→ **ACTIVITY**
Every line below from the one containing "Canapé d'angle réversible" through the one containing "Sacai Striped cotton midi dress" is to be printed exactly, with the pictures omitted.

→ **DATA SHOWN**
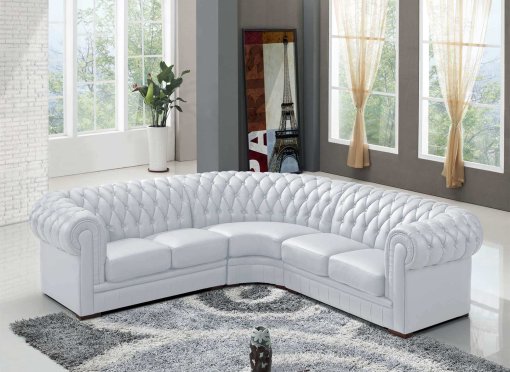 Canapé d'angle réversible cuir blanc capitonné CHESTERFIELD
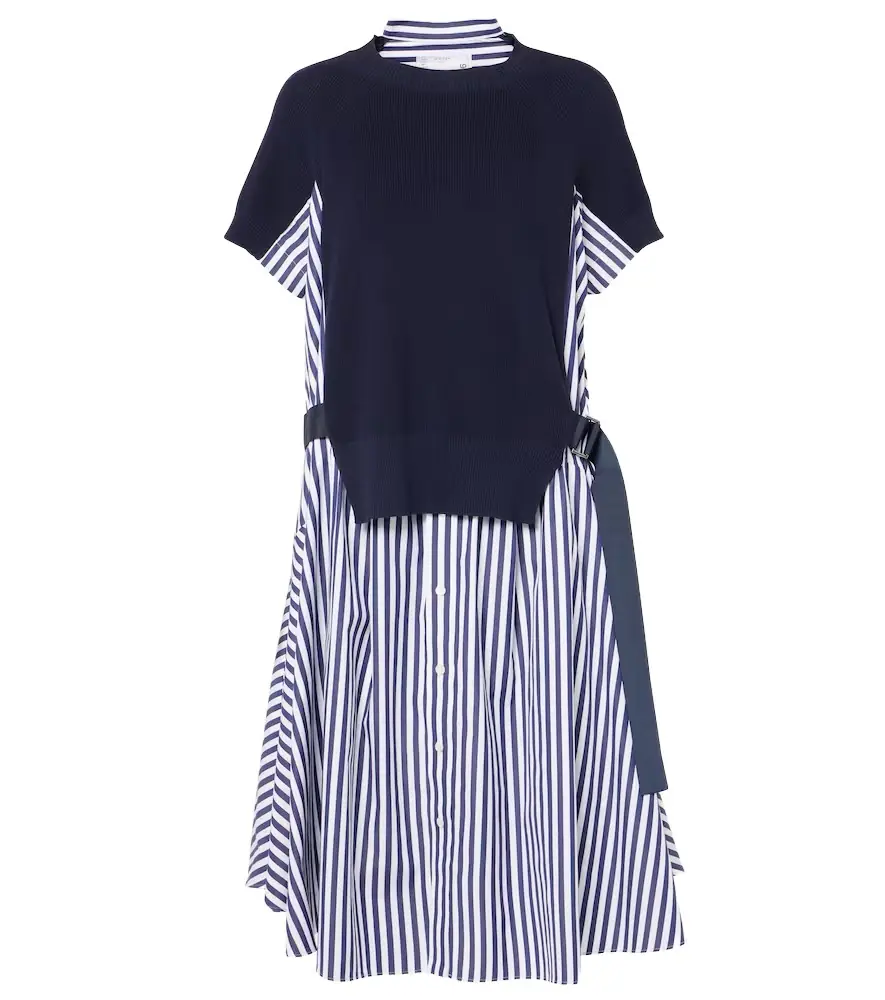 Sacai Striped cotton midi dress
* * *
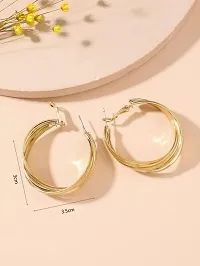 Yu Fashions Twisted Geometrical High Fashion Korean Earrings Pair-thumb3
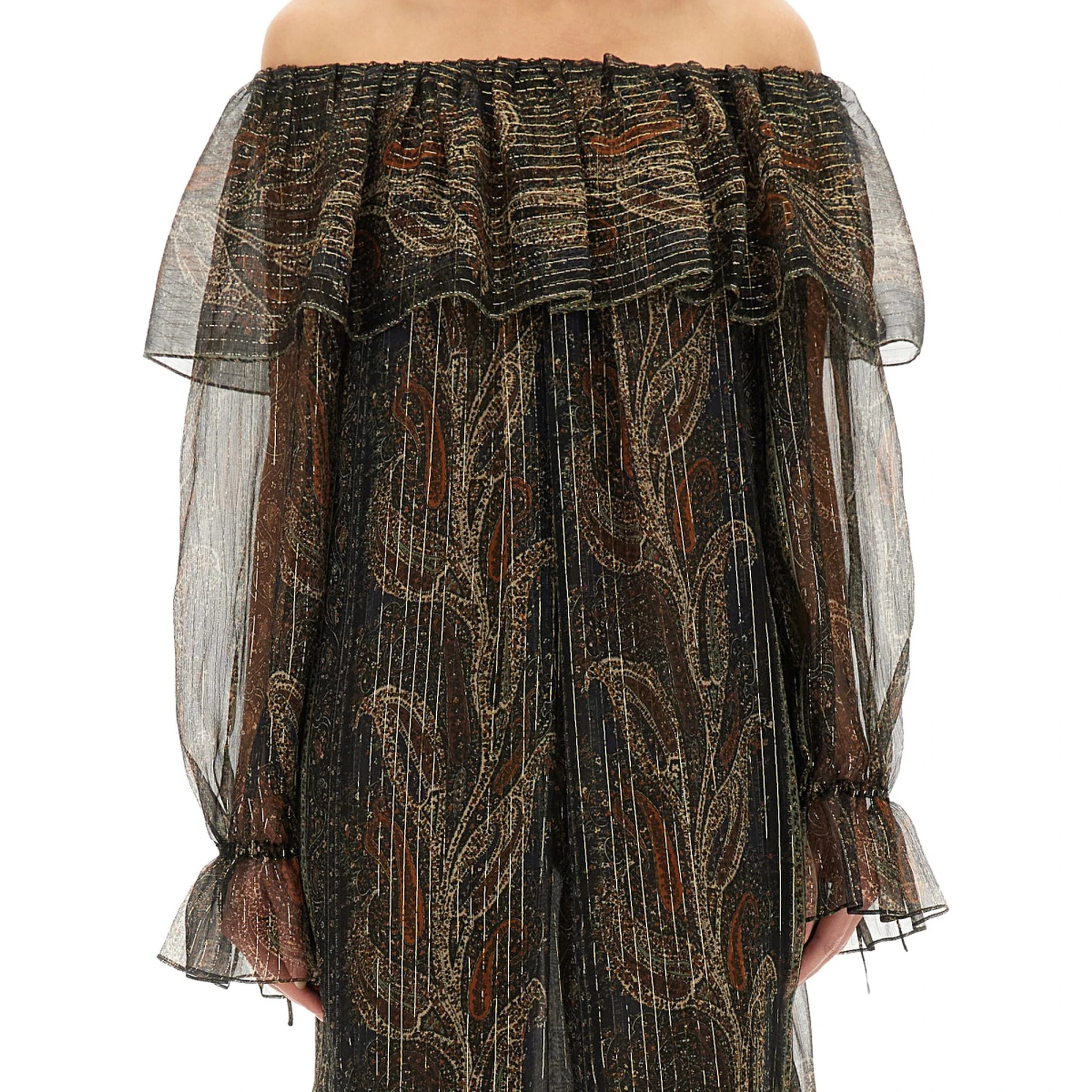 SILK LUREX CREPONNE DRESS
---
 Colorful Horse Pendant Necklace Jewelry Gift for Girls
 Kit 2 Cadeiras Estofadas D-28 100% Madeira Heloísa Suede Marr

→ **EXERCISE ANSWER**
 Canapé d'angle réversible cuir blanc capitonné CHESTERFIELD
 Sacai Striped cotton midi dress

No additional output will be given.